I mentioned my personal struggles with teaching-after-lunch to my after-lunch classes this past week, and shockingly, I had a number of students who were on Team Early Bird with me. Many said they’d gladly take 6am or 7am classes, for a variety of reasons. Others (the ones still tired despite it being mid afternoon) groaned disapproval of our wild ideas.

I wonder if perhaps someday our system can evolve to even further meet the needs of students by offering options for start times that match a student’s need and interest. Some of us are just wired to be early risers, early thinkers, early do-ers. Right now the edupendulum has swung away from us early birds… but if I’ve learned anything about trends in education, it won’t be long before the pendulum swings back.

AND… If we’re about research-driven decision-making: I’m all for the afternoon siesta. Maybe we bring back the glorious afternoon napThere’s research that naps improve learning, too, after all.

3 thoughts on “Later Start Times and the Afternoon Drag

  1. Jeremy Voigt

    Mark,

    I really enjoyed this thoughtful response. My school has not done this, but the district my kids are in has. It has not gone well in our household, nor has it gone well for anyone I know in the district. I’ve asked parents and teachers, quietly, and no one likes it. I’m a morning person too, and am all for the siesta, but have had similar reactions to you regarding the research–it seems clear. I find it baffling that the research does not really play out in the school day. Perhaps it is an adjustment? We seem to have just traded groggy first periods for sloggy afternoons.

    Janet’s idea of the 7-5 hours with options in between is intriguing and one that makes abstract sense to my brain 🙂

  2. Mark

    When the district started this changing-start-times conversation a couple of years ago, that idea of a sliding schedule was batted around by a few of us. The resistance was strong… I figured out pretty quickly that there was already a plan in mind and it didn’t actually involve any kind of innovative look at schedules. I wasn’t intimately involved with the decision-making process at that point, but in hindsight it was one of those processes that a ton of time and energy was invested into, so it was pretty much concluded from the start that there would be a change.

    Ultimately, there are lots of moving parts in the system, and each one can in its own special way be considered a barrier to change, if it suits us.

  3. Janet Kragen

    In my last elementary school through high school, I rode the same bus for 4th grade all the way up through 12th.

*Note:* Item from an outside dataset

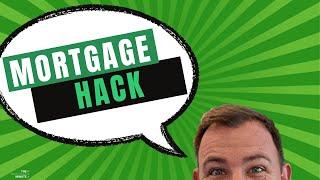 How to pay off your mortgage early WITHOUT extra payments | #mortgage hack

Every student in the district started school at about 9 and got done shortly after 3. I don’t remember when school districts around the nation decided they could save money by having buses do two runs. (Fewer buses and fewer drivers but more mileage put on the buses and twice as much gas–it makes me wonder just how much money is actually saved.)

    I have seen high schools cater to their early morning types with “zero period” classes. Personally, I would love to see high schools open from 7 am to 5 pm with students being able to take their classes (and teachers being able to teach) at the time that works for them.

    The biggest reason that doesn’t happen is–you guessed it–buses. How do we get kids to and from school if they have different start and end times?